Replies are listed 'Best First'.
Re: RegExp not working!
by Anonymous Monk on Apr 30, 2014 at 12:33 UTC
    use warnings; use strict; use re 'debug'; q{<td align="left"><b>A</b> - Tilt: 19&#176; - Segments: 1(72-93)</td> +} =~ /\<td align\=\"left\"\>\<b\>A\<\/b\>\s+\-\s+Tilt\:\s+\d+\&\#\d+\; +\s+\-\s+Segments\:\s+(.*?)\<\/td\>/; print "$1\n"; __END__ # ... snip debugging stuff ... Match successful! 1(72-93)

    So maybe your input is not what you are showing (maybe it's split on two lines?).

    How do I match XML, HTML, or other nasty, ugly things with a regex?

Re: RegExp not working!
by LanX (Saint) on Apr 30, 2014 at 12:39 UTC
    I suggest you do a binary search to localize your problem. (splitting the problem in halves)

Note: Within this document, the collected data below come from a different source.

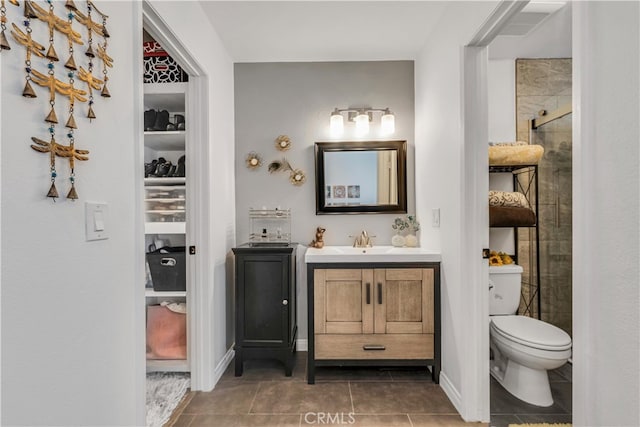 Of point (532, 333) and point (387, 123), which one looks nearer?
point (532, 333)

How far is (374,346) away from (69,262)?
6.30 feet

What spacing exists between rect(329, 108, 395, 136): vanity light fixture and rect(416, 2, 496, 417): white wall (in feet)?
1.00

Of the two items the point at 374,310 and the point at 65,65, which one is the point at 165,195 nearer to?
the point at 65,65

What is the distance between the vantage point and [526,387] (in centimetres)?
205

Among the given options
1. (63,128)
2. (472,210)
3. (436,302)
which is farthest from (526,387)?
(63,128)

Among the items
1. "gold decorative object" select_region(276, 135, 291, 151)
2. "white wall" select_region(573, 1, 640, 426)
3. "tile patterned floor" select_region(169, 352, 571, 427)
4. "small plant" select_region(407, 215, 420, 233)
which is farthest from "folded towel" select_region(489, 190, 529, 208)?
"gold decorative object" select_region(276, 135, 291, 151)

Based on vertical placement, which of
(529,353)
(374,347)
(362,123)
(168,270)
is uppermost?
(362,123)

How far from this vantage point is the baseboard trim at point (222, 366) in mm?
2319

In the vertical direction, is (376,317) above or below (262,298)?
below

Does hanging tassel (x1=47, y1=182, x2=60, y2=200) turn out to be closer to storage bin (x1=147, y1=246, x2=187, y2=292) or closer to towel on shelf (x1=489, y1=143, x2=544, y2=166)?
storage bin (x1=147, y1=246, x2=187, y2=292)

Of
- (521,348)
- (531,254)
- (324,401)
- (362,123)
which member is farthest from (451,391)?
(362,123)

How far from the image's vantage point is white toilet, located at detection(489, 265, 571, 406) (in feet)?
6.31

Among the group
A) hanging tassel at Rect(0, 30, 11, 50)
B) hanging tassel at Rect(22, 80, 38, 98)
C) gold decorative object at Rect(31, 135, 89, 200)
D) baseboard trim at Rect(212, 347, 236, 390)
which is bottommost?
baseboard trim at Rect(212, 347, 236, 390)

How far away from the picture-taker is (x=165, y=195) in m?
2.54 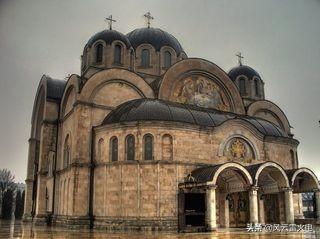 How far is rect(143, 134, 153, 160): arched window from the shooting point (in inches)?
810

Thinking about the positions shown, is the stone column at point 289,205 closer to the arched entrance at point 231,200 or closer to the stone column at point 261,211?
the stone column at point 261,211

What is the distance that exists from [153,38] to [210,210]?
704 inches

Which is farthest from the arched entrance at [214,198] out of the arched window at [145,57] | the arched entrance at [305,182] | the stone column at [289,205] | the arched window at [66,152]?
the arched window at [145,57]

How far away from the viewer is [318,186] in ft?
74.2

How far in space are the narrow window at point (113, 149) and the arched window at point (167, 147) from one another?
274 cm

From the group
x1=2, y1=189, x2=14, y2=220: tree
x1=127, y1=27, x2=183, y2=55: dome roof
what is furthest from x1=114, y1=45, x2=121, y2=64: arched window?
x1=2, y1=189, x2=14, y2=220: tree

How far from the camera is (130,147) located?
20875 millimetres

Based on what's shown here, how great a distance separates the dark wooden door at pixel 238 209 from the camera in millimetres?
23016

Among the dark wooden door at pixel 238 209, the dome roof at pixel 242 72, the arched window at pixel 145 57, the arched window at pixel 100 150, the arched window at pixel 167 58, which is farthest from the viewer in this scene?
the dome roof at pixel 242 72

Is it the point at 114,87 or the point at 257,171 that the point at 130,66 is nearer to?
the point at 114,87

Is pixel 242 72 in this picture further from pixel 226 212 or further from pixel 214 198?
pixel 214 198

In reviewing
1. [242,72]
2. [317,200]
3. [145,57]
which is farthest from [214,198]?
[242,72]

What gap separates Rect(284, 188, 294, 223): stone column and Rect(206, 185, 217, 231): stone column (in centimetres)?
513

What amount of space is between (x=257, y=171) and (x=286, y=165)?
6.13 m
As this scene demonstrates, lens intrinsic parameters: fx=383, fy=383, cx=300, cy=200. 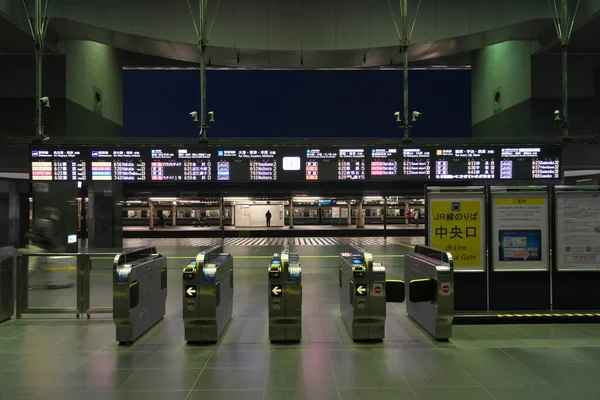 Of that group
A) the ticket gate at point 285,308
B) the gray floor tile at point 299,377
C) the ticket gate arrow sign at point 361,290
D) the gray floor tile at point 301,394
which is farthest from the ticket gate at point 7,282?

    Probably an issue with special characters...

    Cheers Rolf

    ( addicted to the Perl Programming Language)

      Hm, now I notice it works... Probably I was making some kind of stupid mistake before!
      Thank you guys!
Re: RegExp not working!
by ww (Archbishop) on Apr 30, 2014 at 21:21 UTC
    Your regex has entirely too many escapes... except where it needs them:
    #!/usr/bin/perl use strict; use 5.016; # 1084488 my $line = '<td align="left"><b>A</b> - Tilt: 19&#176; - Segments: 1(7 +2-93)</td>'; if ($line =~ /<td align="left"><b>A<\/b>\s+-\s+Tilt:\s+\d+&#\d+;\s+-\s ++Segments:\s+(.*?)<\/td>/) { say 'yep, good match'; say $1; } else { say 'boo'; }

    Note that the literal parentheses around the range 72-93 need to be escaped; otherwise they set up a capture. Conversely, you need to parenthesize the whole regex expression (i.e., between the regex delimiters) to capture, as you asked, the whole line... or, if you don't want the html (your OP indicated that's the case) put pairs of capturing parentheses around what you do want (to skip over the closing </b> and to eliminate the closing </td>) in which case, your <c>.+?<c> to match the segment value will need to be more specific or otherwise modified.

    Updated by putting that last para, that got lost somewhere :-(, back in the node, and adding the observation re skipping the html.


    Questions containing the words "doesn't work" (or their moral equivalent) will usually get a downvote from me unless accompanied by:
    1. code
    2. verbatim error and/or warning messages
    3. a coherent explanation of what "doesn't work actually means.

    check Ln42!